1

I have an application which requires very flexible searching functionality. As part of this, users will need have the ability to do full-text searching of a number of text fields but also filter by a number of numeric fields which record data which is updated on a regular basis (at times more than once or twice a minute). This data is stored in an NDB datastore.

I am currently using the Search API to create document objects and indexes to search the text-data and I am aware that I can also add numeric values to these documents for indexing. However, with the dynamic nature of these numeric fields I would be constantly updating (deleting and recreating) the documents for the search API index. Even if I allowed the search API to use the older data for a period it would still need to be updated a few times a day. To me, this doesn't seem like an efficient way to store this data for searching, particularly given the number of search queries will be considerably less than the number of updates to the data.

Is there an effective way I can deal with this dynamic data that is more efficient than having to be constantly revising the search documents?

My only thoughts on the idea is to implement a two-step process where the results of a full-text search are then either used in a query against the NDB datastore or manually filtered using Python. Neither seems ideal, but I'm out of ideas. Thanks in advance for any assistance.

Twistieman
  • 131
  • 6

1 Answers1

2

It is true that the Search API's documents can include numeric data, and can easily be updated, but as you say, if you're doing a lot of updates, it could be non-optimal to be modifying the documents so frequently.

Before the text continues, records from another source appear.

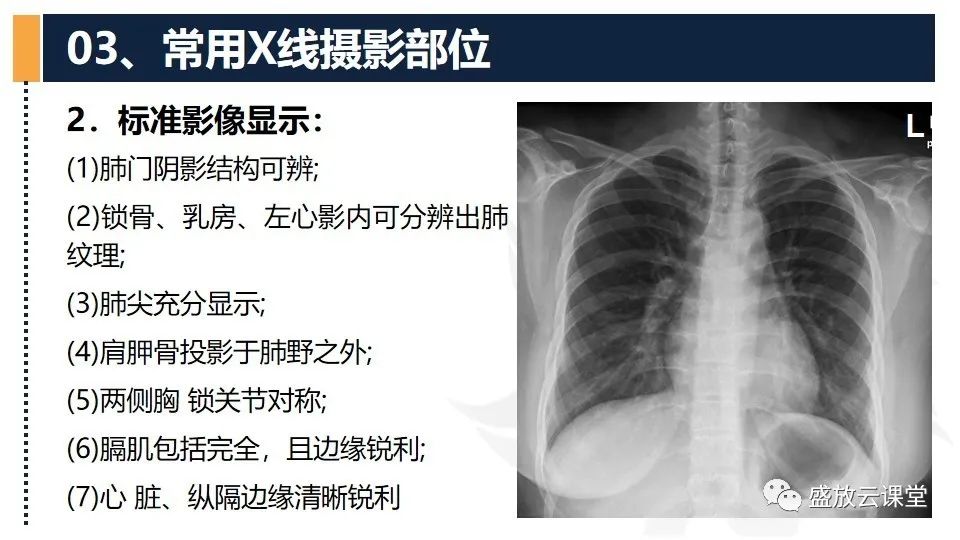 影像PPT - 【PPT】数字X线摄影检查（四）-6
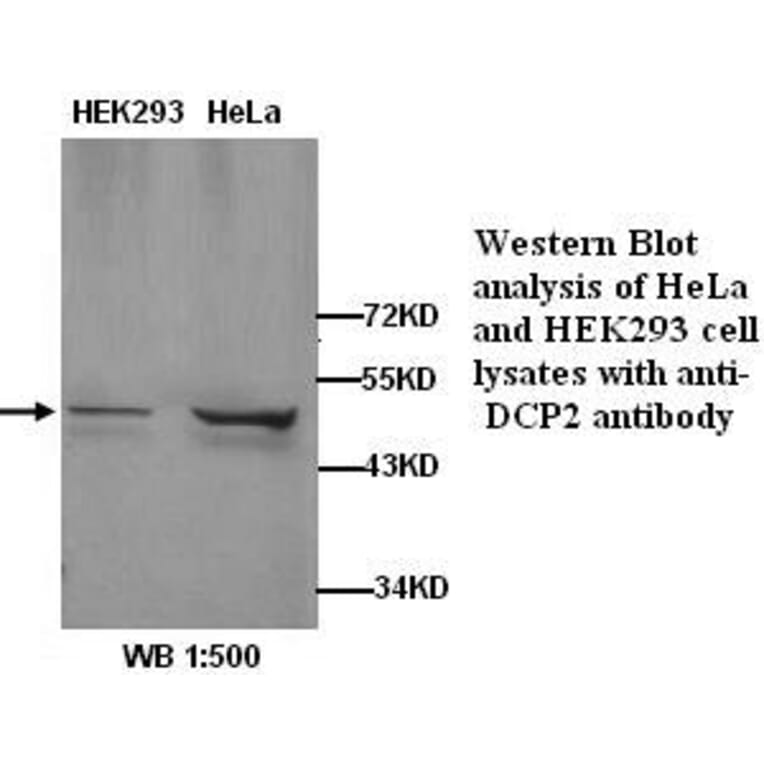 DCP2 Antibody from Signalway Antibody (39263) - Antibodies.com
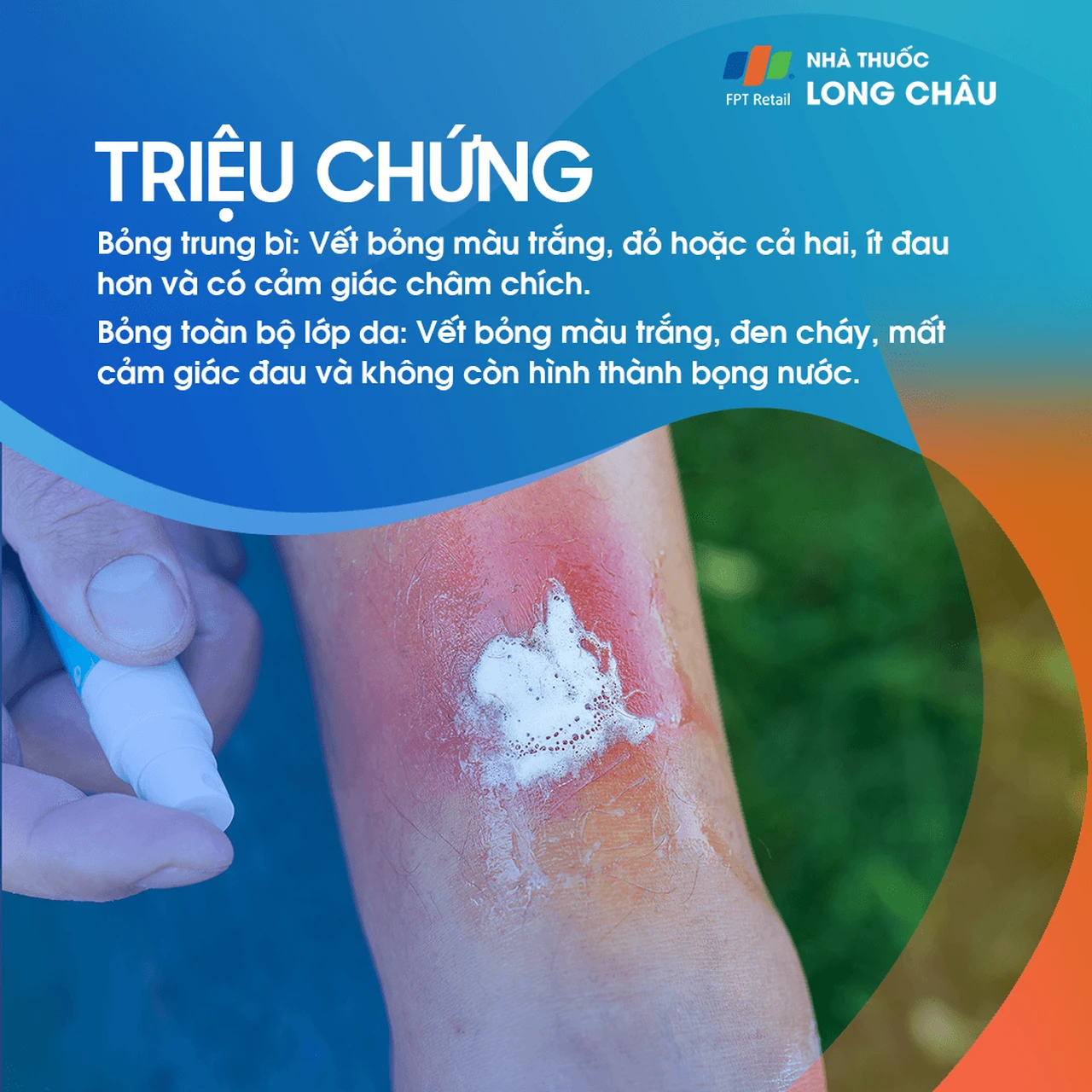 Hình ảnh minh họa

One design you might consider would store the numeric data in Datastore entities, but make heavy use of a cache as well-- either memcache or a backend in-memory cache. Cross-reference the docs and their associated entities (that is, design the entities to include a field with the associated doc id, and the docs to include a field with the associated entity key). If your application domain is such that the doc id and the datastore entity key name can be the same string, then this is even more straightforward.

Then, in the cache, index the numeric field information by doc id. This would let you efficiently fetch the associated numeric information for the docs retrieved by your queries. You'd of course need to manage the cache on updates to the datastore entities.

This could work well as long as the size of your cache does not need to be prohibitively large.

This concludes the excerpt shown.